Many of us celebrate it, while many of us try to find meaning in it. Failure has a down-to-earth quality, which we don’t discuss in society, because it’s considered shameful. It makes us humble and modest, yanks our head out of the clouds and shows us how to go beyond. Failure shapes us to become a better version of the person we previously were.
In today’s society, we talk about the freedom of speech, human rights and being liberal -critical issues of the world. But we tend to shun the idea of failure. It is very evident that failure is highly unacceptable in many societies. In the subcontinent, it is a major stigma faced by the youth. Failed your exams? You failed in life. Failed to get a job at a top-notch company? You failed in life. Failed to setup a business? Congratulations! You’ve failed again! People start to look down upon you. While everyone looks at the downside of failure, we want to show you the bright side:
It can drive you: For me, it’s been an adventurous roller coaster ride. Through University, I was tested with failure and success simultaneously. My parents thought I wouldn’t graduate high school, but, hey, I did! Instead of letting failure drag me down, I decided to let it drive me. I am thankful to my wrong decisions, thankful to the wrong people I prioritized and thankful to my failure in academics – because when you’ve been through the fall, you have a stronger reason to climb. Failure shakes you up and gets you going!
It makes you grateful: That bad examination, that financial instability, that man’s rejection all serve as a large contrast to when things are smooth. You realize what you’ve got when everything goes well.
It makes you stronger: Where do you think a lot of people get their ‘Bring it on’ attitude? They’ve been down below and they’ve seen the worst and it has only made them stronger.

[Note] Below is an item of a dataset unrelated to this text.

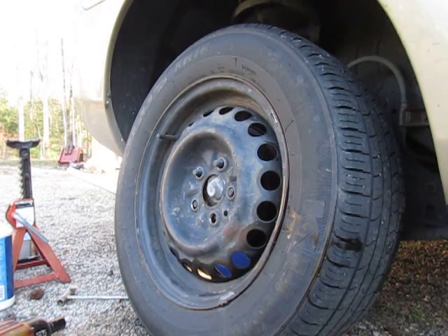Hello again. In this short video I'm going to show you how to put a tire on a car with an air impact wrench. I know it looks easy when the mechanic does it, but a lot of them don't do it right.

We need to stop teaching our kids that failure is something to be ashamed of. Failure is personality-development at its best and suffering is the root of all compassion. Let’s create a culture of focusing on failure for all the right reasons. Let’s celebrate it rather than condone it. Let’s keep moving and keep learning. I’ll leave you with the words of the man who gave us light:
“I have not failed. I’ve just found 10,000 ways that won’t work.”